The decision by Houthi rebels to deploy mines and improvised weaponry in the Red Sea area risks severely damaging the global maritime trade, the UK’s Navy chief has warned.
Admiral Sir Phillip Jones said the Houthi’s “complex” and sometimes unconventional tactics would only exacerbate tensions and hinder chances of peace in Yemen.
“The use of sea mines and other potentially lethal weapons adjacent to such a pivotal maritime choke point adds further tension that could only destabilise what is already a long-running and damaging four-year conflict,” he told an audience at London’s Royal United Services Institute.
Such strategy could have “very significant repercussions for global maritime trade,” Admiral Jones added.
He was laying out the evolving threats and changes faced in naval warfare and used the Yemen conflict as an example. Speaking generally beforehand, Admiral Jones said the "rules" that governed the international system and kept it away from conflict were being eroded.
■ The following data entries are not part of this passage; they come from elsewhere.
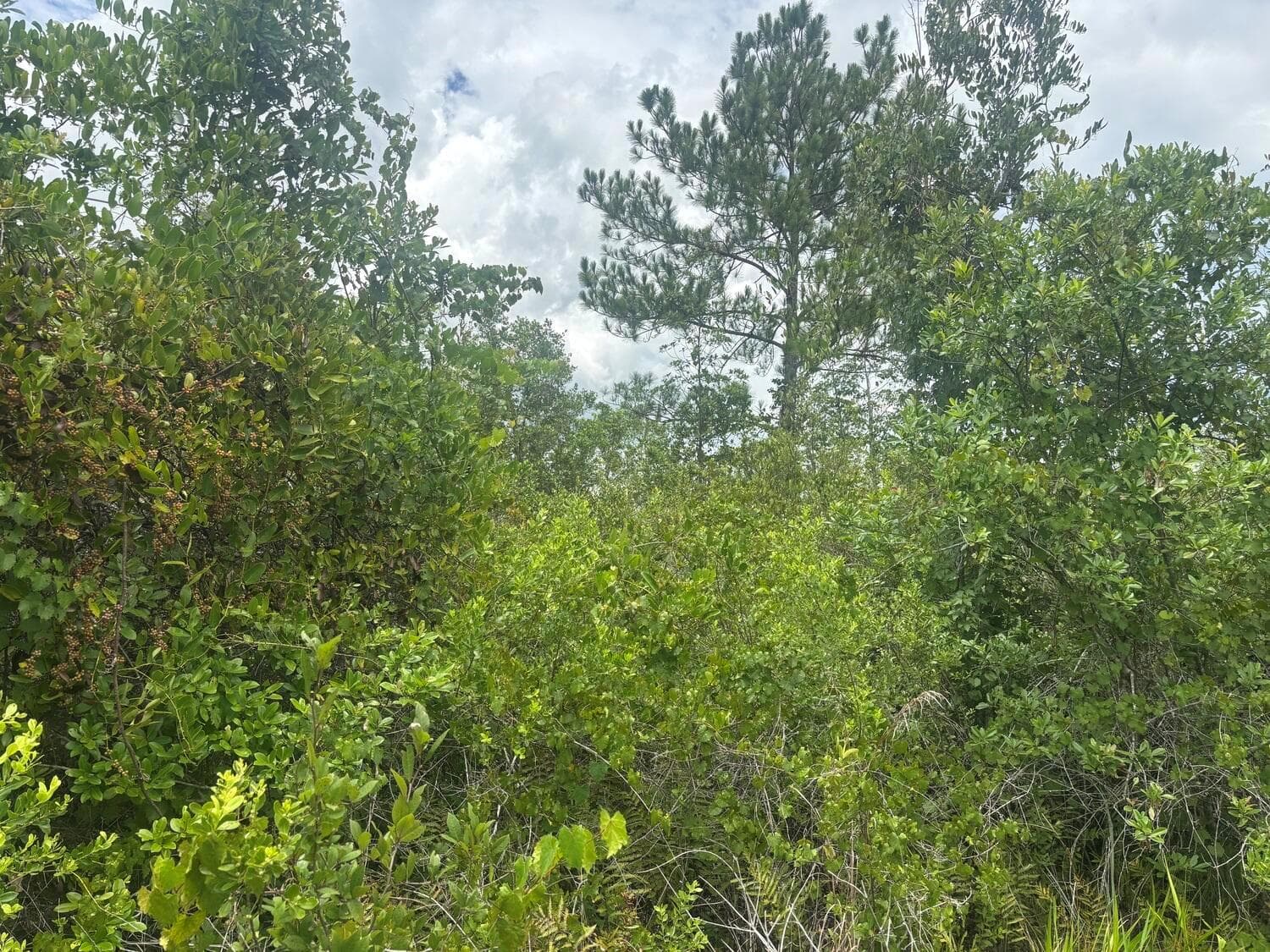 0 Salyers Road, FL 34736 photo 2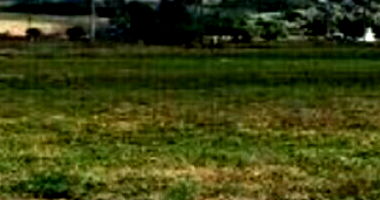 Terrenos em Leilão com 621,32m² de Área Total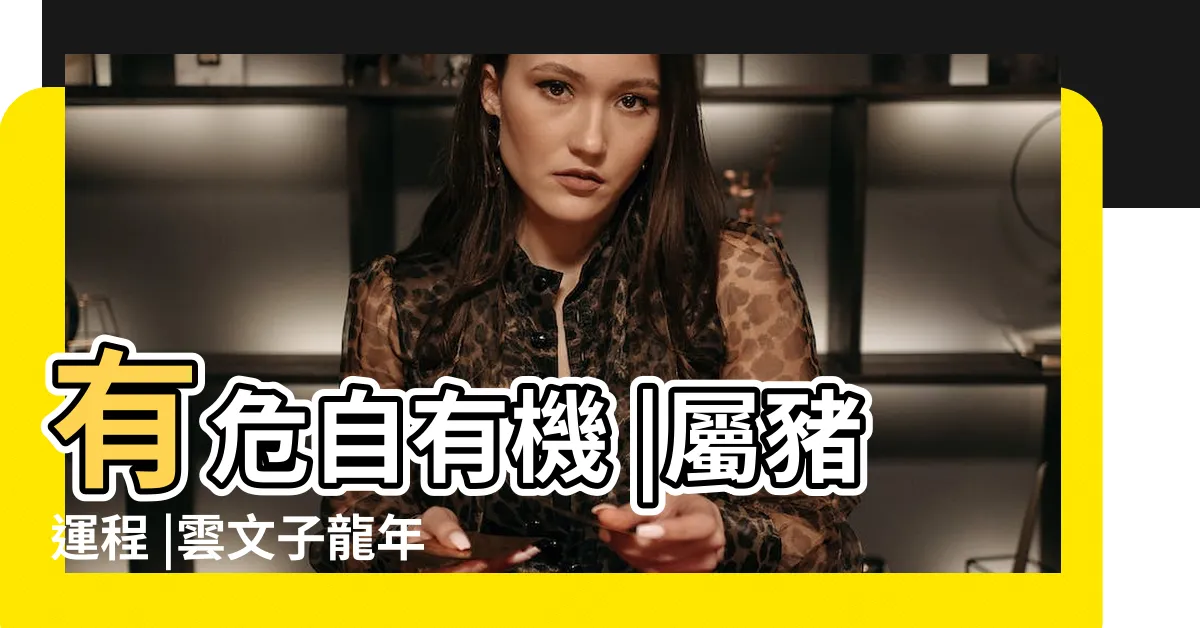 【豬 2024 運勢】有危自有機 |屬豬運程 |雲文子龍年12生肖運程 |
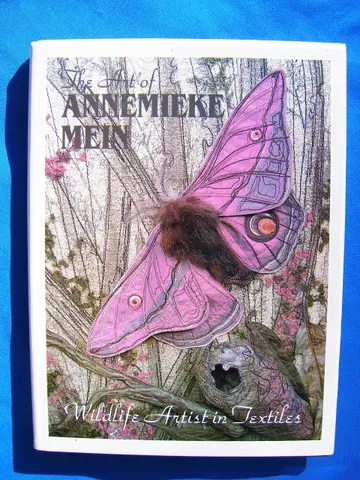 Cover of The Art of Annemieke Mein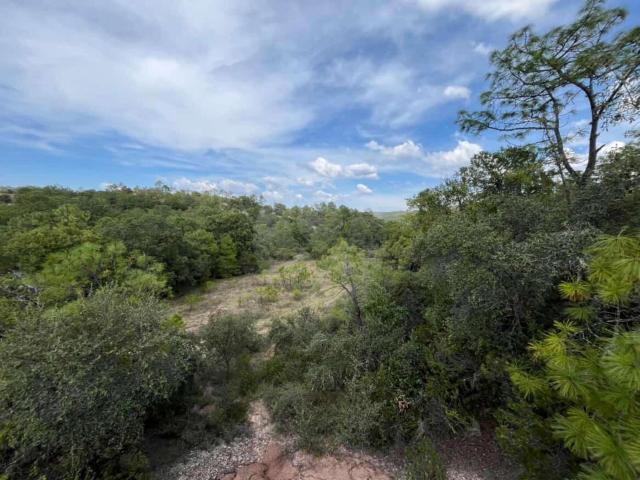 Mega Lote en venta en Santiago Yolom?catl Oaxaca terreno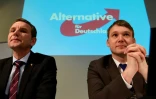Bjorn Höcke (g) et Andre Poggenburg, membres du parti d'extrême droite allemand AfD, le 11 mars 2016 à Magdeburg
“In the southern Red Sea we are now seeing increasingly complex physical and manifestations of maritime power by the Houthi rebels in the way they target Saudi-led coalition forces at sea," said the Admiral.
“Their increased use of practical but unconventional technology such as remote controlled and autonomous surface craft is a particular concern to global mariners,” he added.
Houthi control of a large chunk of Yemen’s Red Sea coastline has led to fears the region is littered with unexploded ordinance. While they have withdrawn from the city of Hodeidah, the Houthis on Tuesday claimed a drone-attack on Saudi Arabian oil installations.